EXTRACTED DATA: Begin

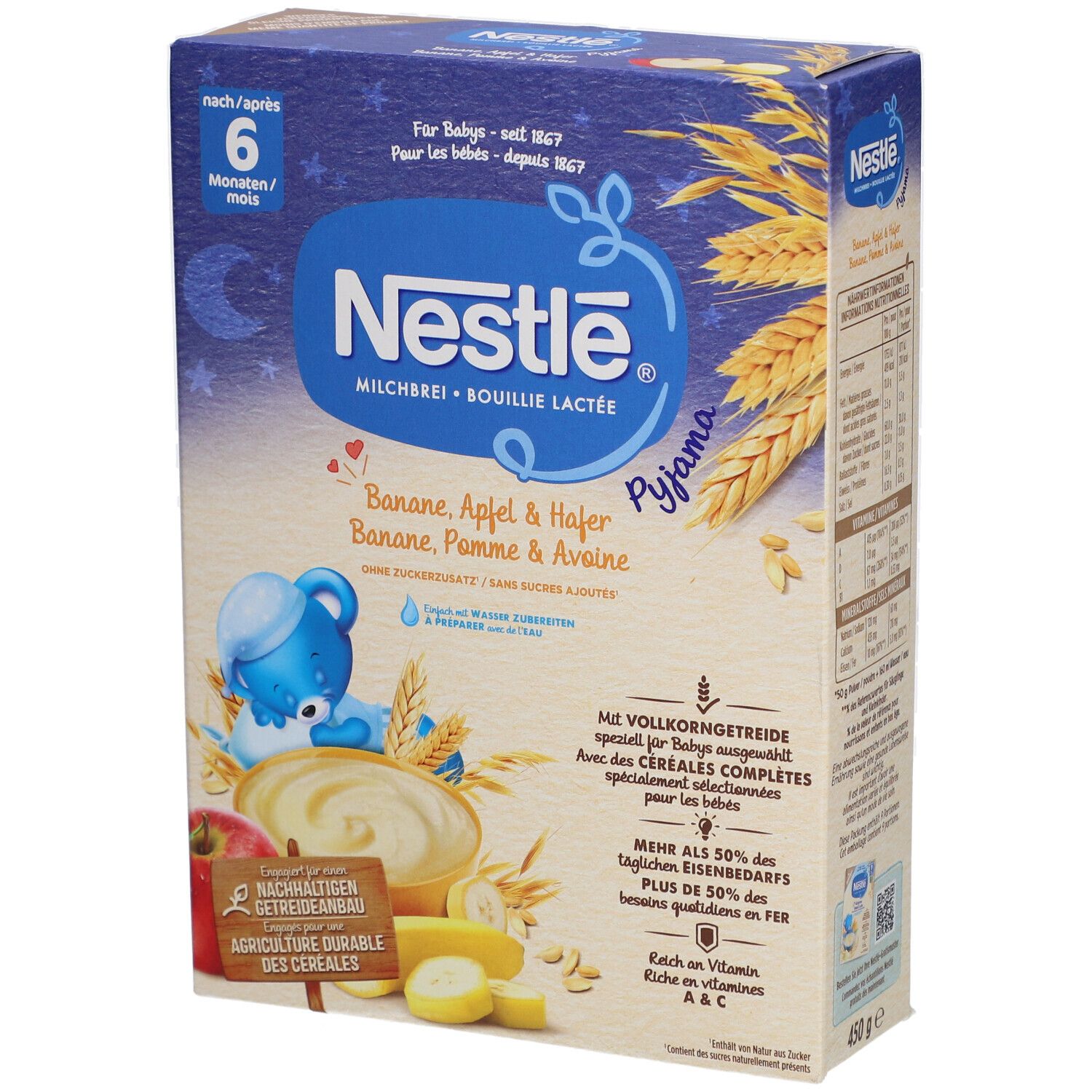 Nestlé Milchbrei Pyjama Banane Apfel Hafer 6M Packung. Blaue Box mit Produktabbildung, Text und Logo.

EXTRACTED DATA: End
EXTRACTED DATA: Begin

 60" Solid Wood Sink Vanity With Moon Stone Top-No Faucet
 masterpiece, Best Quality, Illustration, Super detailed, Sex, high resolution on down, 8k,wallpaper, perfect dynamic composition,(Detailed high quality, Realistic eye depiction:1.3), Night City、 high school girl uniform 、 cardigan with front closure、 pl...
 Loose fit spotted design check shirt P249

EXTRACTED DATA: End
EXTRACTED DATA: Begin

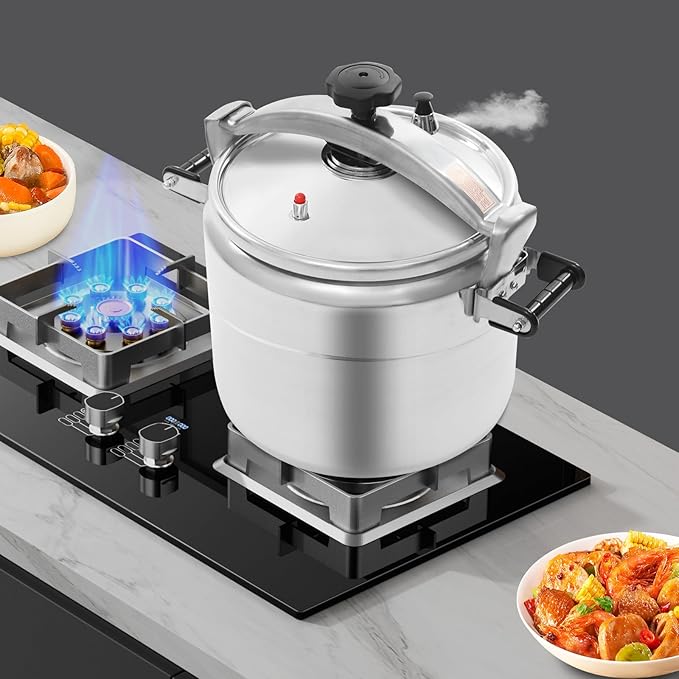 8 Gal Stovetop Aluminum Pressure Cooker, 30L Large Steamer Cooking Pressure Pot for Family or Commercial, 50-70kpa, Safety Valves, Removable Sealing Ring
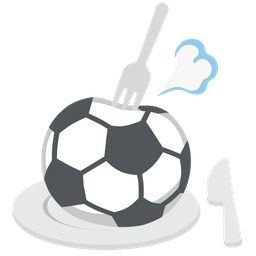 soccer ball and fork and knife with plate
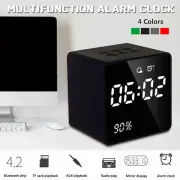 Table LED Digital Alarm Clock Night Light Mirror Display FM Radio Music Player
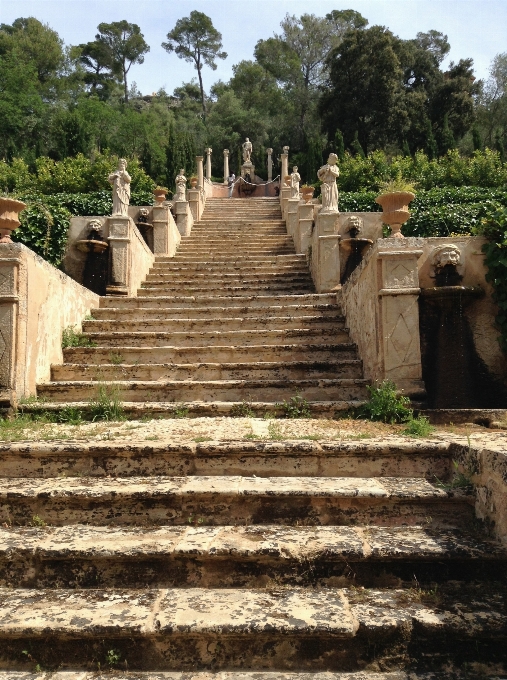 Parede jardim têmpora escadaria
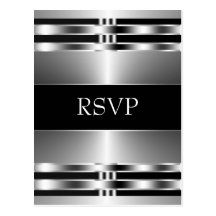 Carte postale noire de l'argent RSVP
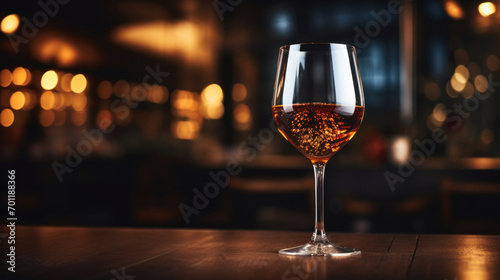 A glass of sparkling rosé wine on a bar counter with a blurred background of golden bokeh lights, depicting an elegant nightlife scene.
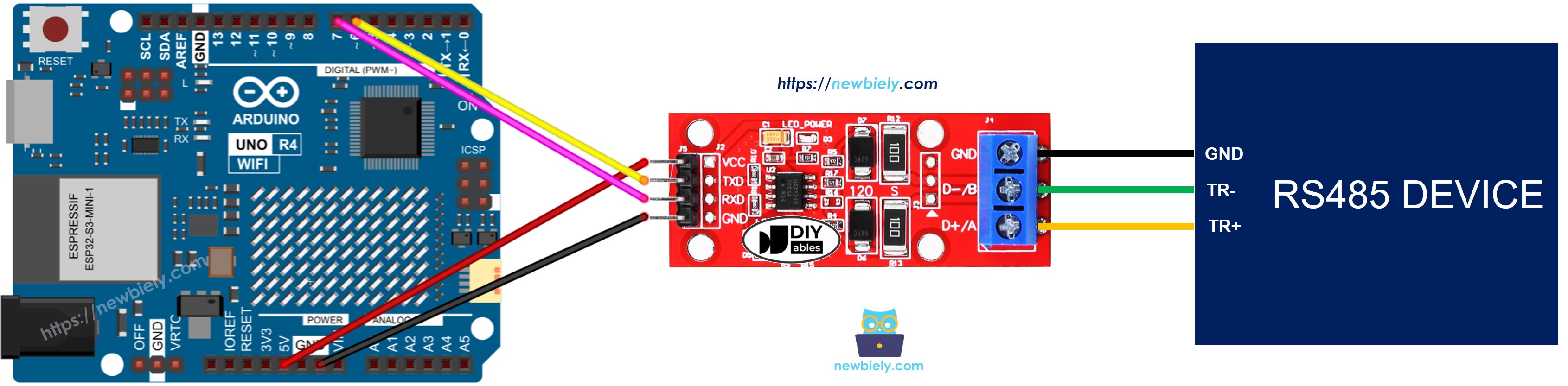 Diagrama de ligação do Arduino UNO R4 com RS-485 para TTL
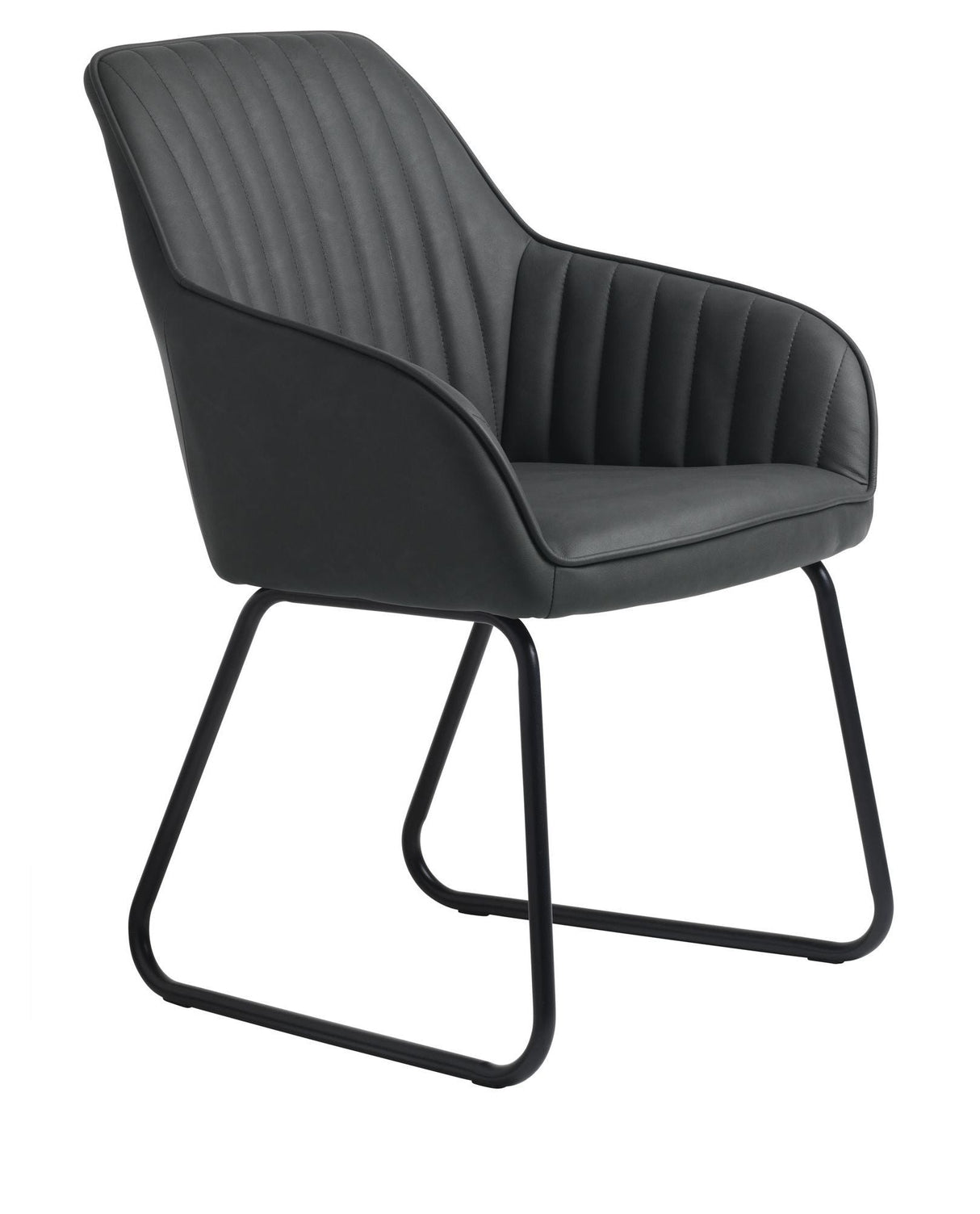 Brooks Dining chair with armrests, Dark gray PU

EXTRACTED DATA: End

*YOUR TASK*
The response must hold only the lines above from the line with "masterpiece, Best Quality, Illustration, Super" through the line with "Loose fit spotted design check shirt P249", each copied exactly, both ends kept.

*ANSWER SPACE*
 masterpiece, Best Quality, Illustration, Super detailed, Sex, high resolution on down, 8k,wallpaper, perfect dynamic composition,(Detailed high quality, Realistic eye depiction:1.3), Night City、 high school girl uniform 、 cardigan with front closure、 pl...
 Loose fit spotted design check shirt P249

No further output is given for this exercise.